Let's say I have some self-report items measured on a 5-point Likert scale (Strongly Disagree to Strongly Agree) and other items measured on a 4-point Likert scale (Never, Rarely, Sometimes, Often). Can anyone point me to literature (or practical advice) on combining these items into a composite scale? Let's assume for the sake of argument that we have some empirical evidence that items should be combined.
1. Sum raw scores
Con: Max responses on the 5-point scale (originally 4's) drive up the total scale score more than max responses on the 4-point scale (originally 3's).
2. Rescale and sum
Put all of the items on a 0-1 scale and sum. So the 4-point items (0,1,2,3) would be multiplied by (4/3)/4 and the 5-point items (0,1,2,3,4) would be multiplied by 1/4, resulting in possible values of (0,.33,.66,1) and (0,.25,.50,.75,1), respectively. This way max responses on the 5-point scale (originally 4's) would not drive up the total scale score more than max responses on the 4-point scale (originally 3's).
Pro: Items would have equal weighting. (could be a con, depending on your perspective).
Con: Ignores differences in variability between items on different metrics?
3. Standardize and sum
A related approach would be to standardize all of the items (z score) and then sum.

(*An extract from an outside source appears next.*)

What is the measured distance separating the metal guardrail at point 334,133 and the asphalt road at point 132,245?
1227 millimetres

Pro: Addresses differences in variability between items on different metrics
Con: Total scale score becomes less interpretable and sample-specific. The latter makes it hard to benchmark as a measure to be used in other settings/other samples.

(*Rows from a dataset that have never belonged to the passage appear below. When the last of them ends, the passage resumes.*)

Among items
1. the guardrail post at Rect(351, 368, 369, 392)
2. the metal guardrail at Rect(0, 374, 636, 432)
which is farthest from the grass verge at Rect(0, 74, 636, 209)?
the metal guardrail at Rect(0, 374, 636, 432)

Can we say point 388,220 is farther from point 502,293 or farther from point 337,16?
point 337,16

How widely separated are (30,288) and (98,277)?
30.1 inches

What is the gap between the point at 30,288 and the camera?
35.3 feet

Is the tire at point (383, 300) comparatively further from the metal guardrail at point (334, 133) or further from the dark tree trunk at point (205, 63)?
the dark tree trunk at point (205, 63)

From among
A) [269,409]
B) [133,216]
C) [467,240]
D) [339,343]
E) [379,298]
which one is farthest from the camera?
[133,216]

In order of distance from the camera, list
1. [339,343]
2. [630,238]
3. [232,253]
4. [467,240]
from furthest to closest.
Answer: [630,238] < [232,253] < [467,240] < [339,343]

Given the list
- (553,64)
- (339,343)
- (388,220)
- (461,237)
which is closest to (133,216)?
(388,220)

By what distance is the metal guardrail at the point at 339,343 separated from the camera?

4. PCA or other data reduction
4a. EFA to get factor loadings. Multiply scaled items by factor loadings.
4b. PCA to get score of first principal component.
Pro: Items weighted by influence.
Con: Same as #2. EFA-derived scores could vary a lot depending on rotation/extraction choices. Some would not advise on ordinal data.
Overall: I like #2 because it seems easier to compare results across different samples. Thoughts? Alternative ideas or concerns about the ideas presented?